Islamlah yang memerintahkan berbuat baik kepada istri-istri, menyampaikan kebaikan kepadanya, menolongnya dari tindakan penjauhan diri dan pencegahan dari kebebasan manusia yang bersifat pribadi, dan menjadikan baginya hak yang banyak dalam kitab fikih dan syariat, seperti sabda Nabi Shalallaahu ‘Alaihi Wasallam, “Nasihatilah kebaikan kepada para wanita.”
Dan sabdanya lagi, “Orang yang paling baik di antara kalian adalah orang yang paling baik kepada keluarganya. Dan aku adalah orang yang paling baik kepada keluarga di antara kalian.”
Dan suatu kehormatan yang paling besar yang ditunjukkan Islam kepada perempuan bahwa Dia telah memerintahkannya untuk melakukan sesuatu yang menjaganya dari kejatuhan dan penipuan, seperti sesuatu yang menjaga para wanitanya dan menjauhkannya dari tempat-tempat fitnah serta menjadikannya berada dalam benteng yang kokoh demi kesuciannya. Sesuatu itu adalah hijab yang disyariatkan, yang tidak ada kaitannya dengan kemunduran yang dituduhkan.
Anda bisa lihat apakah ada perempuan yang sakit karena hijab itu atau para tentara Muslim menjadi kalah di hadapan para musuhnya, apakah akal yang cerdas menjadi lambat berpikir, atau apakah sumber-sumber kebaikan menjadi berhenti dari umat dan jalan kehidupan?
Hijab bukanlah suatu penyakit bagi perempuan, tetapi merupakan suatu keindahan.

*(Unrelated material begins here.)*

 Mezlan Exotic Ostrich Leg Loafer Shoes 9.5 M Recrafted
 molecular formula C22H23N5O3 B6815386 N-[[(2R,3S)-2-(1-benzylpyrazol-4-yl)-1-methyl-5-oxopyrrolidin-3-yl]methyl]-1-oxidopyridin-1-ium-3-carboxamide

Dan bila pujian terhadapnya terlambat, maka hal ini karena keterlambatan peradaban orang-orang bodoh dan fitnah orang-orang sesat.
Semua etika Islam dan hukum yang kuat lagi kokoh itu telah diakui keutamaannya oleh sebagian ilmuwan Barat yang sadar. Mereka berkata, “Hijab dalam pandangan Islam bukan berarti melepaskan kepercayaan diri perempuan, tetapi merupakan suatu jalan menuju penjagaan yang wajib bagi mereka, berupa kehormatan dan rasa malu. Maka, sebenarnya kedudukan perempuan dalam Islam adalah kepantasan untuk menutup dirinya (dengan hijab).
*Sayyid Muhammad bin ‘Alawi al-Maliki, dari bukunya Surga Bernama Keluarga.